JOBS hits the expected marks by telling us over and over that (a) the late Apple-founding visionary was a demanding hardcase with crappy people skills and (b) he wasn’t the greatest businessman in the ’80s either (the super-profit glory days happened in the 21st Century with iPod/iMac/Macbook Pro/iPhone and iPad) and (c) he wasn’t much of a dad or a relationship nurturer. But we all know this going in, right? Genius types tend to be inept or clumsy or indifferent when it comes to relationships or team-leading so it’s not exactly riveting to see this point made repeatedly. “Jesus, Steve, you’re spending way too much money on R & D…you have a daughter who’s writing you letters, Steve…you could do with less yelling at employees and partners,” etc.
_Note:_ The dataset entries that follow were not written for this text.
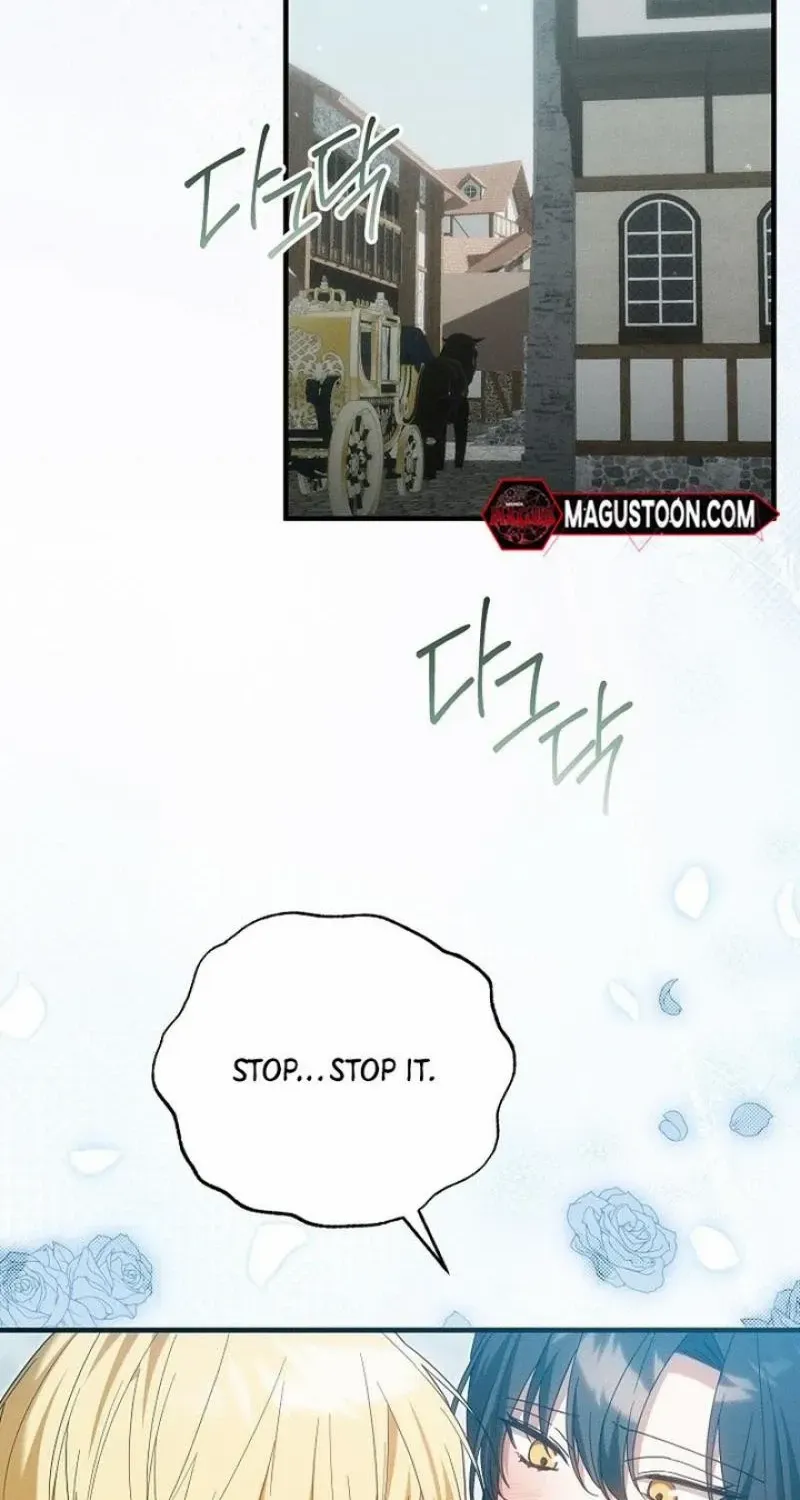 Show Window Scandal Chapter 29 page 3 - 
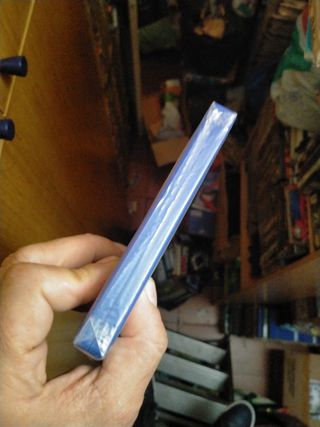 Ford Racing 3 PS2 Pal-España ¡¡NUEVO PRECINTADO!!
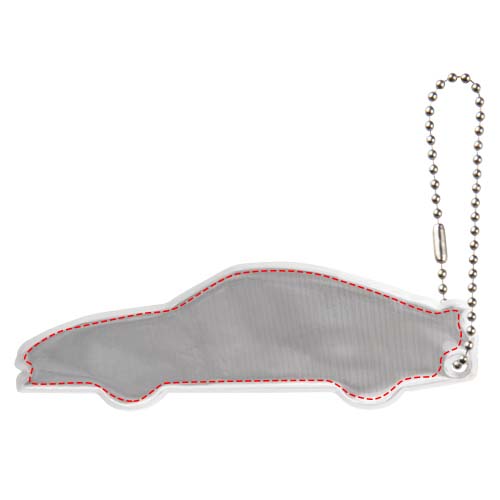 Front (ON reflective layer)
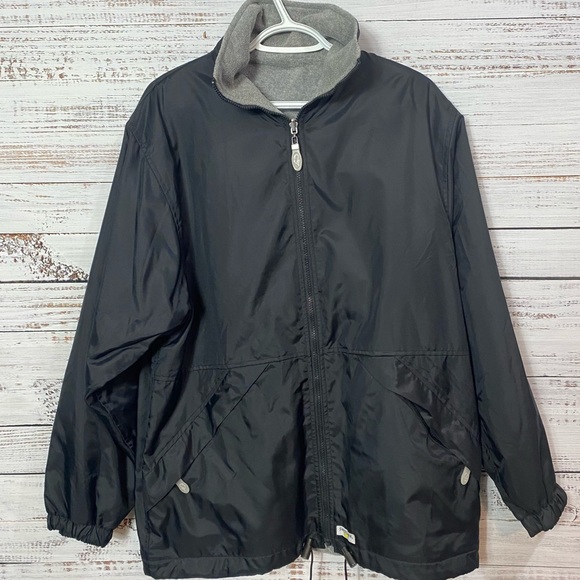 switcher Other - SWITCHER REVERSABLE JACKET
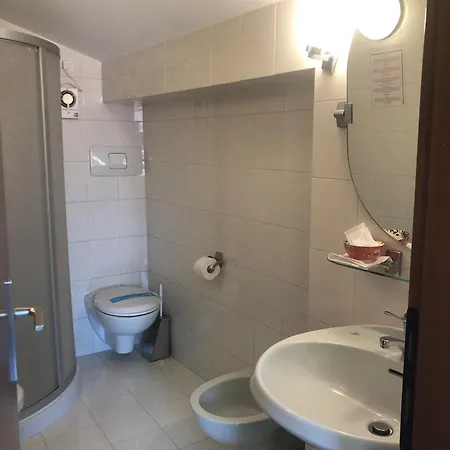 Hotel Sole Holiday 3*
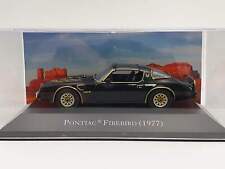 Pontiac firebird 1977 usato  Varese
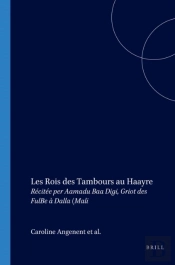 Rois Des Tambours Au Haayre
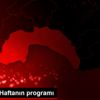 Hentbol: Haftanın programı Hentbol: Haftanın programı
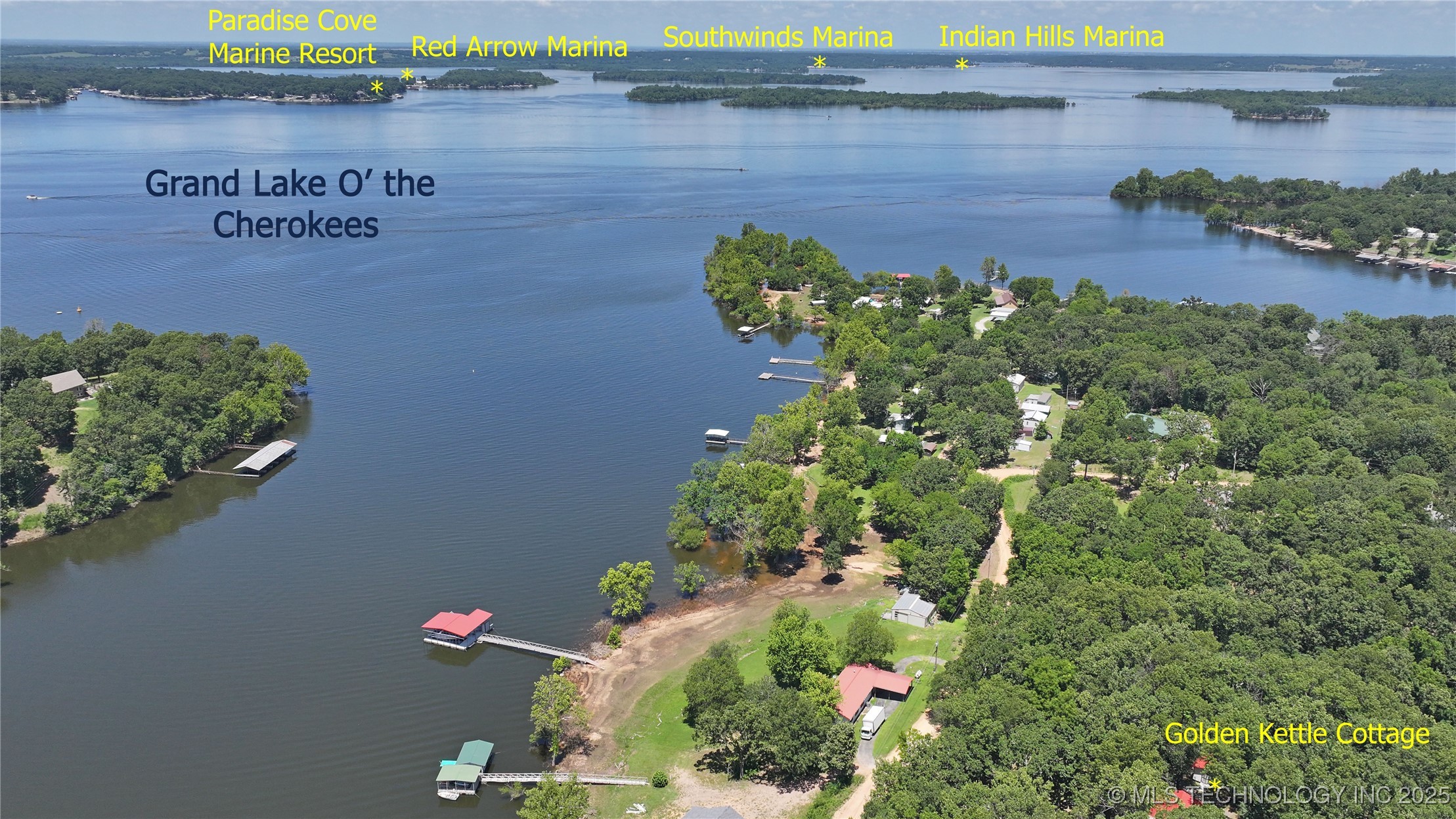 32302 S 555 Road Property Photo 38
Ashton Kutcher‘s performance as Jobs is reasonably okay as far as it goes. He glares a lot but that works in this context. He’s not trying to play a charming guy in a movie-star fashion — he’s playing a kind of human buzzsaw. I have despised Josh Gad in the past but I have to say he gives the least offensive performance of his career as Apple technology creator and engineer Steve Wozniak. Also fine in distinctive if abbreviated supporting parts are Dermot Mulroney, Matthew Modine, J. K. Simmons, Ron Eldard, Lukas Haas, John Getz, Lesley Ann Warren (who doesn’t even have a line!) and James Woods.

JOBSRotten Tomatoes rating is in the 40s but that could change between now and Friday.

I’ve never seen Martyn Burke‘s Pirates of Silicon Valley (’99), about the rivalry between Jobs and Bill Gates, but a friend says it’s pretty good. It’s purchasable on YouTube for next to nothing.